L’histoire d’Henri Salvador est pléthorique, comme l’est sa discographie dont on aura du mal à extraire des titres tant ils sont nombreux : Faut rigoler, Le travail c’est la santé, Minnie petite souris, Le lion est mort ce soir…
A quelque époque où on a fait connaissance avec Salvador, on se souvient de sa bouille ronde, de ses éclats de rire ou de ses pleurs, de ses chansons douces ou de ses pitreries, de ses sketches et émissions télévisées (Salves d’or, Dimanche Salvador), de ses Disney. Qui n’a pas été attendri par Syracuse ou par cette « chanson douce que me chantait ma maman… » ? Pas une génération n’a pas eu son Salvador. Sauf peut-être une courte décennie, celles des années quatre-vingt dix où, à la suite du bide d’un disque, Monsieur Henri, au rock énergique (qui lui est imposé par sa maison de disque), il prend sa retraite pour ne plus se consacrer qu’aux boules, son sport préféré.

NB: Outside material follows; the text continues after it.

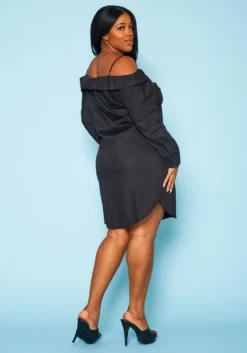 Plus Size Off Shoulder Button Front Mini Dress -Asoph Fashion Shop 2020945 001 3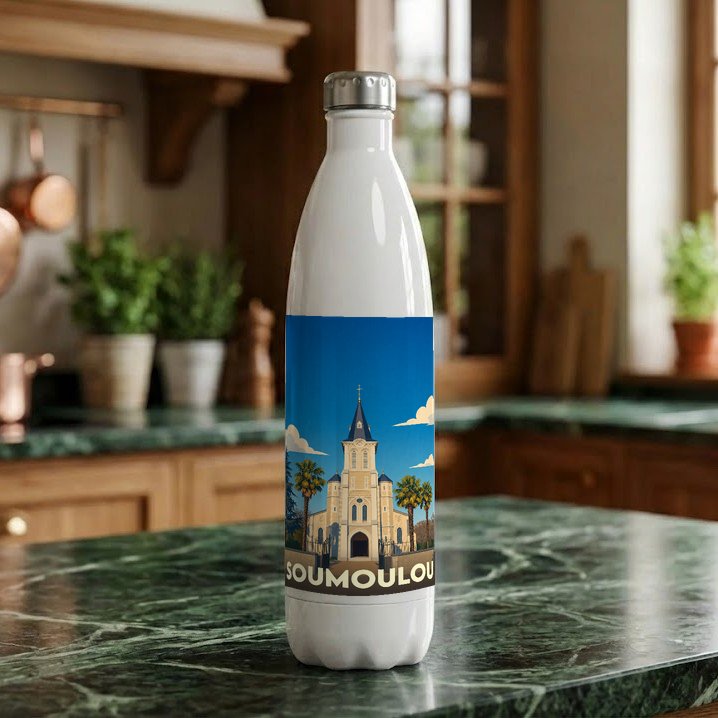 Gourde blanche souvenir de la ville de Soumoulou illustrée d'un dessin stylisé de son église.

Mais Keren Ann et Benjamin Biolay (c’est con que Biolay crache à présent sur la tombe de Salvador…) le sortent de sa torpeur, lui proposant le disque du retour, ce nouveau souffle, cette seconde carrière totalement inespérée. C’est Chambre avec vue, en 2000, qui se vend à plus d’un million de copies. Suivrons Ma chère et tendre et Révérence, l’un en 2003, l’autre en 2006. Des albums comme un retour aux sources, à ses faces B d’antan, à ce qui est l’essence de son art.
Henri Salvador, Crooner Jazzy, 4 CD, EPM 2017.
Qui n’a pas son propre Salvador ? Merci Michel, la mémoire est sélective, surtout celle des grands médias…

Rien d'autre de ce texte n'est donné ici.